Metropolitan News-Enterprise

 

Thursday, December 26, 2002

 

Page 1

 

C.A. Reinstates Rights Suit Against County, Says Jury Should Have Been Allowed to Decide Probable Cause for Search

 

By ROBERT GREENE, Staff Writer

 

A probationer who sued officers for false arrest and unreasonable search and seizure will get his day in court under a ruling Tuesday by this district’s Court of Appeal.

Reversing a judgment of nonsuit entered by Los Angeles Superior Court Judge Daniel Pratt, the appeals court ruled that David Venegas should be able to put his case before a jury.

Pratt erred, the appeals court ruled, in granting nonsuit to Los Angeles County and a host of law enforcement officials based on a determination of probable cause, in the same way a judge presiding over a criminal evidence suppression would.

In a civil rights case under 42 U.S.C. Sec. 1983, Superior Court Judge Aurelio Munoz wrote for the Court of Appeal, the issue of probable cause is a question for the jury.

“Here, the trial court, rather than the jury, attempted to resolve those issues,” Munoz wrote on assignment for this district’s Div. Seven. “This was error and we reverse.”

Officers from several law enforcement agencies around Los Angeles County in an auto theft task force were investigating car thefts in June 1998 while preparing to execute a search warrant on the home of Ricardo Venegas. With a photograph of the subject they instead found someone who looked like him—his younger brother, David Venegas, who was driving his Mercury Cougar with his wife to a gas station in Bellflower.

Some task force members followed the couple, noting that the1989 Cougar was in a high-theft class of cars.

The officers confronted Venegas and ended up handcuffing him, then began examining his car to see whether the vehicle identification numbers matched. They noted that there was no VIN posted on the car window.

They also demanded to see Venegas’ driver’s license. Unfortunately, Venegas had left it at home.

One of the officers then asked Venegas to sign an entry and search waiver form so they could go to his house and pick up his license. The purpose was to determine his valid identification so they could run his name through their system and determine whether there were any outstanding warrants on him.

Venegas’ wife signed the form while Venegas, handcuffed, was placed in the back of the police van.

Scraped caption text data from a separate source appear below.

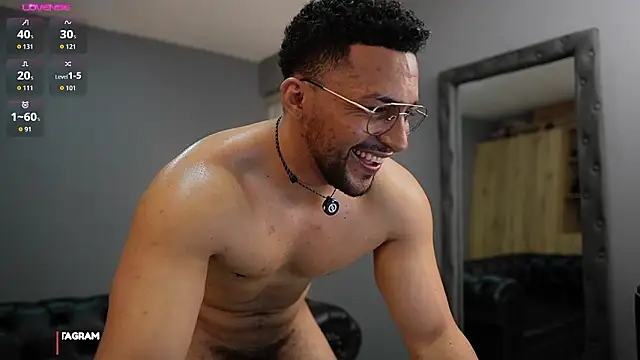 LoganMartinX live sex cam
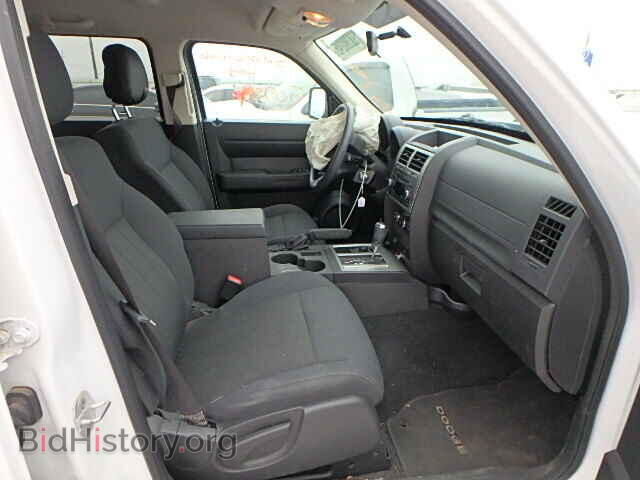 2011 Dodge NITRO (VIN 1D4PU4GK4BW602145) — фото 5 из 10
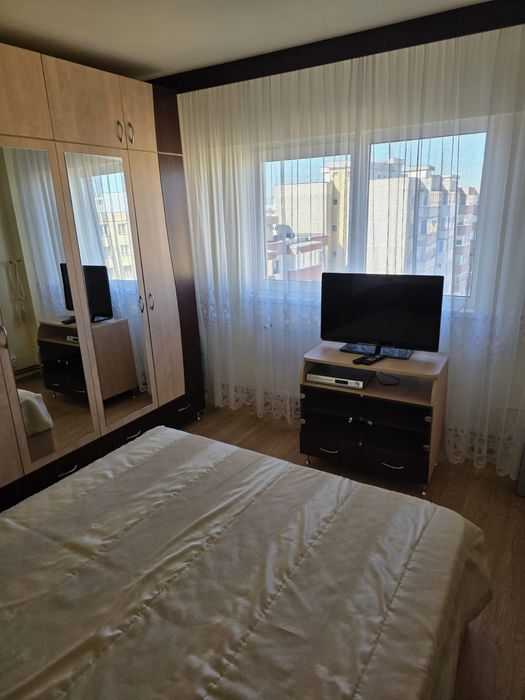 Inchiriez apartament 3 camere,2 bai, central, B.dul Grivitei, Brasov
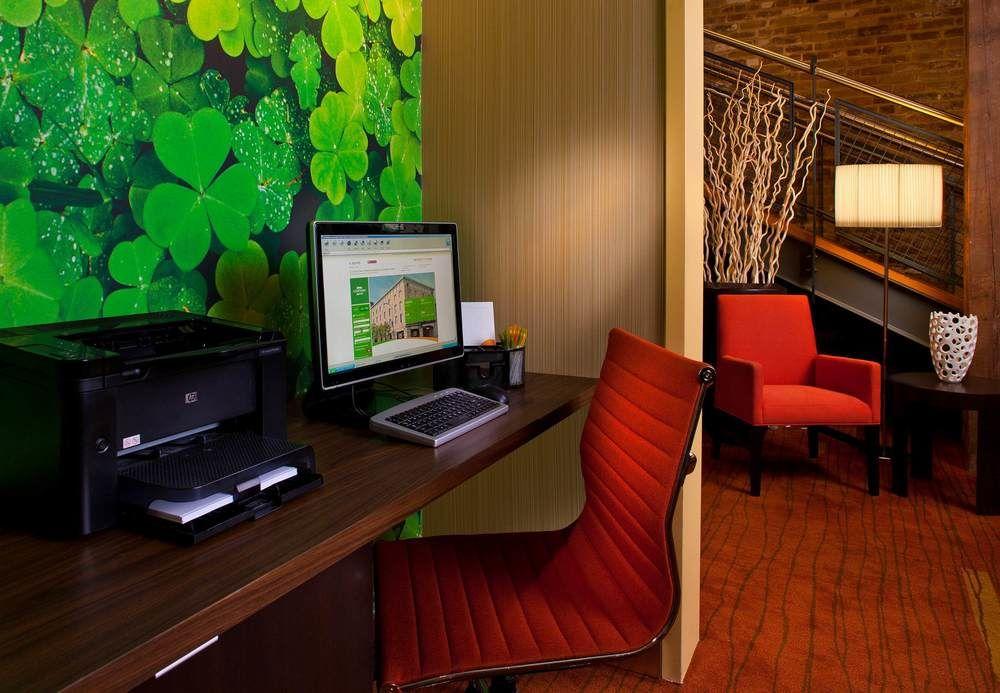 Courtyard By Marriott New Orleans Warehouse Arts District Hotel Bagian luar foto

The wife was driven to the house and the license was recovered, but then police conducted a thorough search of the house far beyond the scope of the license search.

Meanwhile, Venegas was booked on suspicion of altering a vehicle identification number, based on the fact that police recovered a partial number on the engine block.

But after officers took apart the car door and found that the number there matched the block, they ordered him released. He was held for another two days before being let go.

In Venegas’ suit for false arrest and unlawful search and seizure, Pratt granted the defendants’ nonsuit motion, finding that Venegas looked like his brother, there were no visible vehicle identification numbers in the car, he was noncooperative with the officers, and had no drivers license-or other California identification-with him.

Munoz acknowledged that if the VIN had been removed, the officers had reasonable suspicion to believe he had violated a Vehicle Code section. The subsequent questioning was appropriate as incident what amounted to a traffic stop, they said, and the handcuffing was reasonable for protection when Venegas became hostile.

But even with reasonable suspicion, Munoz said, there facts warrant dismissal of the motion for nonsuit.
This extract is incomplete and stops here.